Fragment properties¶
You can annotate fragments with molecular properties and then use those properties to constrain which fragments are selected during generation. This is a two-part workflow: add property columns to the database, then filter on them at generation time.
Add properties with cremdb_add_prop¶
cremdb_add_prop -i fragments.db -p mw logp rtb tpsa fcsp3 -c 8
| Option | Default | Description |
|---|---|---|
-i, --input |
— (required) | CReM fragment database |
-p, --properties |
all five | Properties to compute (see below) |
-c, --ncpu |
1 |
Number of CPUs |
--fetch-batch |
50000 |
Rows fetched per batch |
--write-batch |
10000 |
Rows per write |
--imap-chunk |
500 |
Multiprocessing chunk size |
-v, --verbose |
off | Print progress to stderr |
Built-in properties:
| Name | Property |
|---|---|
mw |
molecular weight |
logp |
Crippen logP |
rtb |
rotatable bonds |
tpsa |
topological polar surface area |
fcsp3 |
fraction of sp³ carbons |
The command is schema-aware: in a v1 database it adds columns to the frags
table; in a v0 database it adds them to each radiusN table. It is also
incremental — only rows whose property values are still NULL are
computed, so rerunning after adding new fragments fills just the new rows.

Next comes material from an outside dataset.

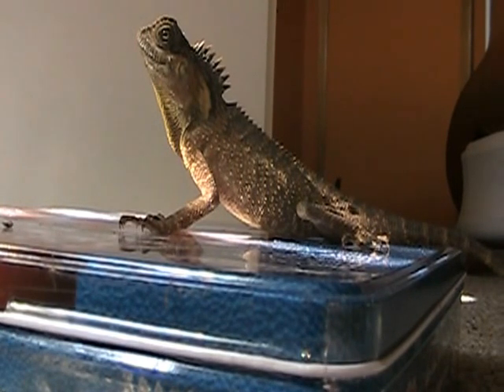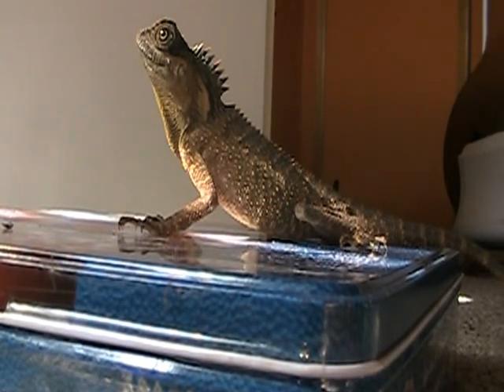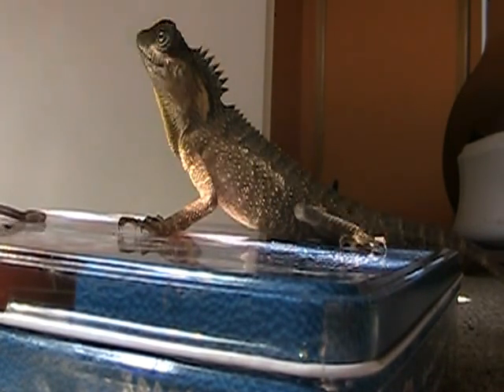Sadly, these horns fell off. I've asked a person — going to ask a few more — and they said they don't grow back. It's a bit troubling. Also, everybody, you don't need to put calcium dust on their worms because they're chock full of it already.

Filter on properties at generation time¶
Pass property ranges as extra keyword arguments to any generation function. A
value may be a single number (exact match) or a (low, high) tuple (inclusive
bounds):
from rdkit import Chem
from crem.crem import mutate_mol
mols = list(mutate_mol(
Chem.MolFromSmiles("c1ccccc1N"),
db_name="fragments.db",
set_names="chembl",
min_freq=5,
mw=(50, 180),
logp=(0.0, 3.5),
))
Where property columns live
The keyword names must correspond to existing columns. In a v1 database
these are columns of frags (or frags_h); in a v0 database they are
columns of the radiusN tables. This is the one generation-time difference
between the two formats.
Add custom properties (Python API)¶
crem.db.add_fragment_props adds the built-in properties and, optionally,
arbitrary custom columns computed by your own functions:
from crem.db import add_fragment_props
from rdkit import Chem
from rdkit.Chem import Descriptors
def num_rings(smi):
return Chem.MolFromSmiles(smi).GetRingInfo().NumRings()
# Built-ins only
add_fragment_props("fragments.db")
# Built-ins plus a custom column
add_fragment_props(
"fragments.db",
properties="all",
custom_props={"nrings": num_rings},
ncpu=8,
)
# Only a custom column, targeting the H-collapsed table
add_fragment_props(
"fragments.db",
custom_props={"heavy": lambda s: Descriptors.HeavyAtomCount(Chem.MolFromSmiles(s))},
table="frags_h",
)
Picklable functions (named functions, functools.partial) run on ncpu
workers; lambdas and closures run serially. Custom properties can target either
frags (default, keyed on core_smi) or frags_h (keyed on the H-capped
SMILES). See crem.db for the full signature.